Moving vehicle system and in-position determination method for moving vehicle

Abstract

A moving vehicle system for making an in-position determination when a moving vehicle enters an in-position range, includes a sensor arranged to determine a position, a velocity, and an acceleration of the moving vehicle, and computation unit arranged to determine whether a stop position of the moving vehicle is within an in-position range or not.

Description

BACKGROUND OF THE INVENTION

1. Field of the Invention

The present invention relates to a moving vehicle system. In particular, the present invention relates to a technique of making an in-position determination, i.e., determining whether a moving vehicle can stop within an allowable range or not.

2. Description of the Related Art

In moving vehicles having multiple axes including a first axis and a second axis, the second axis is often operated based on a condition that the first axis enters a predetermined range (in-position range). For example, in the case of overhead traveling vehicles, when a position in a traveling direction enters a predetermined range, elevation of an elevation frame or lateral feeding is started. In the case of stacker cranes, automated transportation vehicles or the like, when the position in the traveling direction (and the position in the elevation direction of the stacker crane) enters a predetermined range, a transfer apparatus such as a slide fork is operated. Further, in the case of working machines or the like, when the position in the x-direction or the position in the x-y plane enters a predetermined range, a machining tool is moved along the z-direction of the second axis to start machining.

For the sequential operation of the first axis and the second axis, in-position determination has been adopted. In the in-position determination, when the position of the first axis enters an in-position range, operation of the second axis is started. For example, according to the disclosure of JP2000-231412A, subsequent to the movement in the x-y plane, for movement in the z-direction, in-position determination regarding the synthesized moving direction in the x-y plane is made, and one-dimensional in-position determination is made for the two-dimensional movement.

However, in the case of only adopting determination as to whether the current position is within an in-position range or not, after it is determined that the current position is within the in-position range, the moving vehicle may move out of the in-position range due to overshoot. This situation will be described with reference to FIGS. 6 and 7. FIG. 6 shows a situation where the moving vehicle stops without any vibrations. FIG. 7 shows a situation where overshoot occurs due to vibrations of the moving vehicle. In FIGS. 6 and 7, a graph a) shows a trajectory of a position, a graph b) shows a trajectory on a phase plane of the velocity and position, and a graph c) shows determination results of two-stage (rough and fine) in-position determination. In FIG. 6, the moving vehicle is decelerated toward a target position without any vibrations, and no overshoot occurs. In contrast, in FIG. 7, the position and velocity are not stable. The trajectory in the phase plane has a spiral pattern. After making an in-position determination, it becomes necessary to cancel the determination in the middle of operation.

SUMMARY OF THE INVENTION

Preferred embodiments of the present invention provide a moving vehicle system that rapidly and accurately determines whether there is any possibility that a moving vehicle will move out of an in-position range due to overshoot or not.

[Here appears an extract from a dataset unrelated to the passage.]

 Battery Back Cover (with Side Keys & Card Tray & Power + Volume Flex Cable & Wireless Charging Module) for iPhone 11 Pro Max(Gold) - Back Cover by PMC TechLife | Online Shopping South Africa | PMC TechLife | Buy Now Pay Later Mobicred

A preferred embodiment of the present invention relates to a moving vehicle system for making an in-position determination when a moving vehicle enters an in-position range. The moving vehicle system includes a sensor arranged to determine a position, a velocity, and an acceleration of the moving vehicle, and a computation unit arranged to estimate based on the determined position, velocity, and acceleration whether a stop position of the moving vehicle is within the in-position range or not.

In a preferred embodiment of the present invention, the in-position determination is preferably performed when both of the current position and the estimated stop position are within the in-position range. If there is a possibility that the moving vehicle will move out of the in-position range, such an in-position determination is not made. Therefore, the determination can be made reliably. Further, in a preferred embodiment of the present invention, the determination is made based on the actual position, velocity, and acceleration of the moving vehicle, and the model of the moving vehicle is not required. Therefore, no errors resulting from modeling the moving vehicle are present.

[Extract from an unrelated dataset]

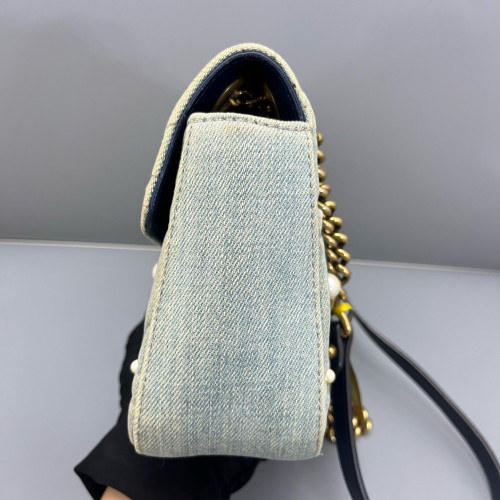 Gucci Small GG Marmont Denim Blue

In a preferred embodiment of the present invention, the computation unit is arranged to determine time series velocity data {vi} from time series position data {Pi}, and to determine time series acceleration data {ai} from the determined time series velocity data {vi}, where i denotes a time series suffix indicating data at present, and a distance from a current position Pi to the stop position is assumed to be substantially “−vi²/ai”. The expression “substantially” herein means that the value of “−vi²/ai” may be multiplied by a constant of about 0.8 to 1.2, or an offset of about 1/10 to 1/100 of the in-position range may be added to or subtracted from “−vi²/ai”. The distance of substantially “−vi²/ai” corresponds to the upper limit of the distance to the stop position. Therefore, if the position advanced by substantially “−vi²/ai” from the current position is within the in-position range, the possibility that the moving vehicle will move out of the in-position range due to overshoot or the like can be determined as substantially zero. Further, this determination can be quickly performed by a simple computation.

Preferably, the sensor is a linear sensor arranged to determine the position of the moving vehicle. The position in a first axis direction is accurately measured on a short cycle.

Preferably, the in-position determination is performed when both of the current position determined by the sensor and the stop position estimated by the computation unit are within the in-position range.

Further, another preferred embodiment of the present invention provides a method of making an in-position determination when a moving vehicle enters an in-position range, the method including the steps of determining a position, a velocity, and an acceleration; estimating a stop position of a moving vehicle based on the determined position, velocity, and acceleration; and determining whether the estimated stop position of the moving vehicle is within the in-position range or not.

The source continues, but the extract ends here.